Sorry, I just can't find any positive spin here.  the MA are NOT for everyone.  Sounds to me like this mom is looking for daycare, or for someone else to raise her kid.  If it was me, I'd decline.


----------



## bekkilyn (Sep 15, 2009)

This would be a change in policy, but what about starting all newcomers with your school's white belt, but then could add some sort of colored stripe or decal to the belt to represent whatever color they had from their previous school?


----------



## Dirty Dog (Sep 16, 2009)

What about just testing him and belting him for the level at which he performs? It would require a bit of your time, but seems fair enough.


----------



## harlan (Sep 16, 2009)

You are teaching martial arts to...kids. 8 year olds want to have fun. Sounds like you are not a lot of fun. But maybe that's what issue-oriented mom wants. 

I feel bad for the kid. Maybe he should play baseball, and mom should take a pill.


----------



## ynnad (Sep 16, 2009)

Xue Sheng said:


> And awarding a black belt should have absolutely nothing to due with "from the consumers perspective" if it does then it is simply sales nothing more and the belt is worth about nine bucks and the child has been short changed.



I didn't say awarding a black belt should be from a consumer's perspective. My point is that from this consumer's perspective, her child has a black belt. 

Now, you either accept that and work toward bringing this child up to your standards. Or, you set the standards the way you see it and require compliance. 

My point with the community college and Harvard analogy is exactly what you said.
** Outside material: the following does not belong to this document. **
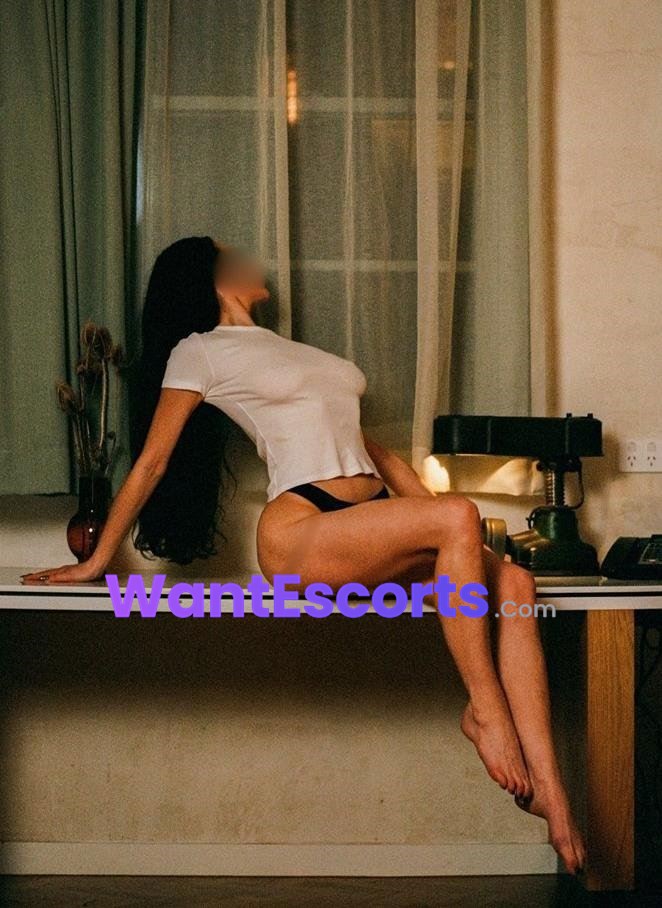 Bonnie Aston, independent escort in Canberra & Hobart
There is a minimum accrediting standard. The student could attend Harvard, if Harvard wanted them. Harvard has higher standards than the minimum. Now, Harvard has their own standards and reject people all the time. The question is, does your academy have people lined up to attend like Harvard, or, are you willing to lower your standards to get the student?


----------



## terryl965 (Sep 16, 2009)

Iceman all you can do is tell her the truth and let the chips hit as they do. We are not the savoir for every single person. I just recently like in the last week sent 8 students packing because it was not in there best interest to be here. They did not like it and mom and dad needed a way out without looking bad so I help evryone one by sitting them down with the parents and saying do you like it? NO Are you enjoying yourself NO, well since you are not having a good time it maybe best for them to try something they love and we parterd ways happy and maybe one day they may come back into the MA's simple because it was not forced on them.


----------



## celtic_crippler (Sep 16, 2009)

Ugh... I'm glad I don't have the headaches of a "commercial" school. 
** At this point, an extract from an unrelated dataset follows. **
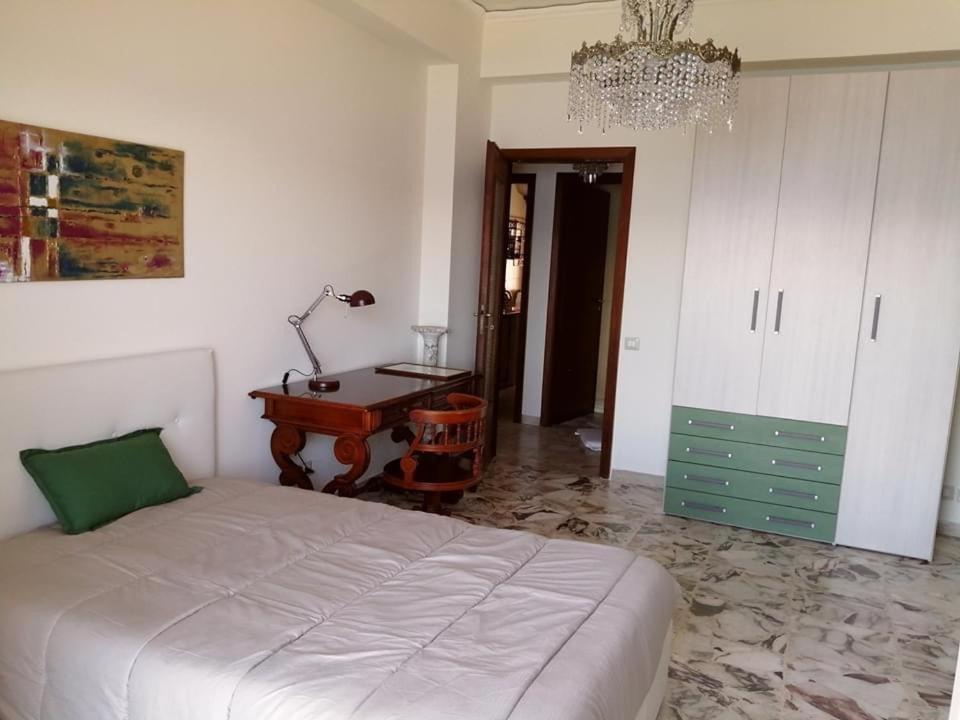 The Door Of Sicily Apartment เมสซีนา ภายนอก รูปภาพ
I do not envy your situation. Good luck!


----------



## IcemanSK (Sep 16, 2009)

terryl965 said:


> Iceman all you can do is tell her the truth and let the chips hit as they do. We are not the savoir for every single person. I just recently like in the last week sent 8 students packing because it was not in there best interest to be here. They did not like it and mom and dad needed a way out without looking bad so I help evryone one by sitting them down with the parents and saying do you like it? NO Are you enjoying yourself NO, well since you are not having a good time it maybe best for them to try something they love and we parterd ways happy and maybe one day they may come back into the MA's simple because it was not forced on them.


 

Well, this really is the issue, isn't it?

Tonight I'm going to evaluate where he is at & whether or not he really WANTS to be in TKD. Teaching students who want to learn is the reason I do this, rather than money. 

And, in reality, it does the kid no good if he doesn't want to be there & I set the bar even higher than his old school.

Thanks all. I'll let you know what happens tonight.


----------



## IcemanSK (Sep 16, 2009)

Well, I evaluated him tonight. He told me that the white & yellow stripe on his belt meant that he knew his first two forms. Since he was a red belt, I'm convinced his old master is trying to turn off every kid to TKD in our valley by charging way too much & not teaching them anything.

He had a lot of snap in his techniques during his forms, but his attention span & class discipline were not good. The boy I had previously from that school showed respect to a fault. This boy has developmental &/or behavior issues.

After a talk with mom & him, he will come into my class as a yellow belt. He agreed that he will follow the rules at my school. He had brought a friend who has never trained before. So, I have two new students & everyone is happy.


----------



## Carol (Sep 17, 2009)

IcemanSK said:


> Well, I evaluated him tonight. He told me that the white & yellow stripe on his belt meant that he knew his first two forms. Since he was a red belt, I'm convinced his old master is trying to turn off every kid to TKD in our valley by charging way too much & not teaching them anything.
> 
> He had a lot of snap in his techniques during his forms, but his attention span & class discipline were not good. The boy I had previously from that school showed respect to a fault. This boy has developmental &/or behavior issues.
> 
> After a talk with mom & him, he will come into my class as a yellow belt. He agreed that he will follow the rules at my school. He had brought a friend who has never trained before. So, I have two new students & everyone is happy.



Wow.  That's a nice ending!  I hope they both enjoy their training


----------



## bluekey88 (Sep 17, 2009)

Excellent news!  Good luck with your new students may they learn much from you and you from them 

Peace,
Erik


----------



## Lynne (Sep 17, 2009)

That sounds great! 

Parents sure can be detrimental.  I've heard and seen mothers in action  in the ladies locker room.  I won't go into the details but parents are often at the root of a child's low self-esteem or what may seem like apathy.


----------



## ATC (Sep 17, 2009)

Wow!!! Good for you. 2nd Kup to 8th kup and no complaining is great. Glad it all worked out.​


----------



## IcemanSK (Sep 17, 2009)

ATC said:


> Wow!!! Good for you. 2nd Kup to 8th kup and no complaining is great. Glad it all worked out.​


 

Actually with the change in schools he went from 1st gup in his school to 8th gup in mine. Mom is happy & the kid seems so, too.


----------